Lists S and T consist of the same number of positive integers. Is the median of the integers in S greater than the average (arithmetic mean) of the integers in T?
(1)The integers in S are consecutive even integers, and the integers in T are consecutive odd integers.
(2) The sum of the integers in S is greater than the sum of the integers in T.

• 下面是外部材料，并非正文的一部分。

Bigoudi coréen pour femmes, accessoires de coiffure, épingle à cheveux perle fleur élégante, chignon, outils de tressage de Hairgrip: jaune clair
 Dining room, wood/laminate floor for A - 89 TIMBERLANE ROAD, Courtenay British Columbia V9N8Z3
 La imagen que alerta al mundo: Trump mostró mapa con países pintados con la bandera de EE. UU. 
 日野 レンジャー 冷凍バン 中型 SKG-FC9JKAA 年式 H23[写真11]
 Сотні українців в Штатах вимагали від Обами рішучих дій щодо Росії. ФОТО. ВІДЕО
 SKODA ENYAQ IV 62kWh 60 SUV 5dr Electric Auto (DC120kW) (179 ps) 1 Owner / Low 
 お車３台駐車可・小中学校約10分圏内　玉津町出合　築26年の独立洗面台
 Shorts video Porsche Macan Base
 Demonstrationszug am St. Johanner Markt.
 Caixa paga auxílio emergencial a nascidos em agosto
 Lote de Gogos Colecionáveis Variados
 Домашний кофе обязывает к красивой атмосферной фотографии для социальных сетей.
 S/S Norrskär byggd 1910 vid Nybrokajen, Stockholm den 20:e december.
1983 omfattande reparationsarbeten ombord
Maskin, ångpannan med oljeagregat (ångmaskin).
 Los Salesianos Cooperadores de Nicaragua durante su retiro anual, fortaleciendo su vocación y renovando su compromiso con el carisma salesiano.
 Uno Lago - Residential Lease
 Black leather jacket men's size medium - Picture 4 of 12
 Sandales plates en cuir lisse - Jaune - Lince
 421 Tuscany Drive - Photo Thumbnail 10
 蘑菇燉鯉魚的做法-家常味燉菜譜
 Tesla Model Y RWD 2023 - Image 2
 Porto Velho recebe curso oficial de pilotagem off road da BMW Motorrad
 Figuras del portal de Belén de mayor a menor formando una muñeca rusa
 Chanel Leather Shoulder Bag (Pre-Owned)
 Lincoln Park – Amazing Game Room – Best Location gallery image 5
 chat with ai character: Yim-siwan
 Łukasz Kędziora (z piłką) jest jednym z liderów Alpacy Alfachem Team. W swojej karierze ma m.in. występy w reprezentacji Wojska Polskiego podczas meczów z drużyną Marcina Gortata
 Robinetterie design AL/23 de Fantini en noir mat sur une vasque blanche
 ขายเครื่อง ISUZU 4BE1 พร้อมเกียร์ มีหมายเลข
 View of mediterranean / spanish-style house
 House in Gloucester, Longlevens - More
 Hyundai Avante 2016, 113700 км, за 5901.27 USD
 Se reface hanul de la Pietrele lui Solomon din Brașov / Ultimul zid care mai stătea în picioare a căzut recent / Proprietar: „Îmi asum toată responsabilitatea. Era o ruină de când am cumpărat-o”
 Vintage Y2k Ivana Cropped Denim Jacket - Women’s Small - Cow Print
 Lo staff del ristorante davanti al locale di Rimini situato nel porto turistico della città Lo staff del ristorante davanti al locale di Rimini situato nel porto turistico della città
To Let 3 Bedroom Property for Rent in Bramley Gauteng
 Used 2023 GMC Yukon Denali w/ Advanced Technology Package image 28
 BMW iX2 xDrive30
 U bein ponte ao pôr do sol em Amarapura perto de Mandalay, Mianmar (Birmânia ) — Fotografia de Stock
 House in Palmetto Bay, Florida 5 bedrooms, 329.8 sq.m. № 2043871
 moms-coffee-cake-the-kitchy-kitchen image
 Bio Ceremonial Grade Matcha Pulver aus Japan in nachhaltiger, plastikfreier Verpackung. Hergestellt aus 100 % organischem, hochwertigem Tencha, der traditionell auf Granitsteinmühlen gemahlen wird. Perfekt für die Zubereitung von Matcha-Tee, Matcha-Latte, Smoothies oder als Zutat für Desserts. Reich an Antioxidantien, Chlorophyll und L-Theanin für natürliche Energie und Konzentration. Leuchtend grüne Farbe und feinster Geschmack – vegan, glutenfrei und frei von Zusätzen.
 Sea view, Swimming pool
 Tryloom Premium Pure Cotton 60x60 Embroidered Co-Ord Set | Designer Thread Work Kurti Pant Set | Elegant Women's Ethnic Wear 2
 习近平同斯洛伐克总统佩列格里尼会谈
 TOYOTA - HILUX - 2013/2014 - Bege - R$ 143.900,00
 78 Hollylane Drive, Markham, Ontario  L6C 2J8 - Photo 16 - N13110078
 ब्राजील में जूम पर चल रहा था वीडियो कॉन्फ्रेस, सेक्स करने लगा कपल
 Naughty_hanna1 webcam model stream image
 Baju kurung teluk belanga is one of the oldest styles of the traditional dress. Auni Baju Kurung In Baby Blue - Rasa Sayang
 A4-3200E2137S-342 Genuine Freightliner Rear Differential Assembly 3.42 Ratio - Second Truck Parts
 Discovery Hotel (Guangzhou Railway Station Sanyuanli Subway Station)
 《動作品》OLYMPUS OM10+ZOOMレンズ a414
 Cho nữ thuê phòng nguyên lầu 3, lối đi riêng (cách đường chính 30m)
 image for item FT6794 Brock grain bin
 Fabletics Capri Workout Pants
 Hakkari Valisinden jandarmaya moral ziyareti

A. Statement (1) ALONE is sufficient, but statement (2) alone is not sufficient.
B. Statement (2) ALONE is sufficient, but statement (1) alone is not sufficient.
C. BOTH statements TOGETHER are sufficient, but NEITHER statement ALONE is sufficient.
D. EACH statement ALONE is sufficient.
E. Statements (1) and (2) TOGETHER are NOT sufficient.
标准答案为c表示不理解……-- by 会员 无忧小乐 (2012/5/4 23:46:30)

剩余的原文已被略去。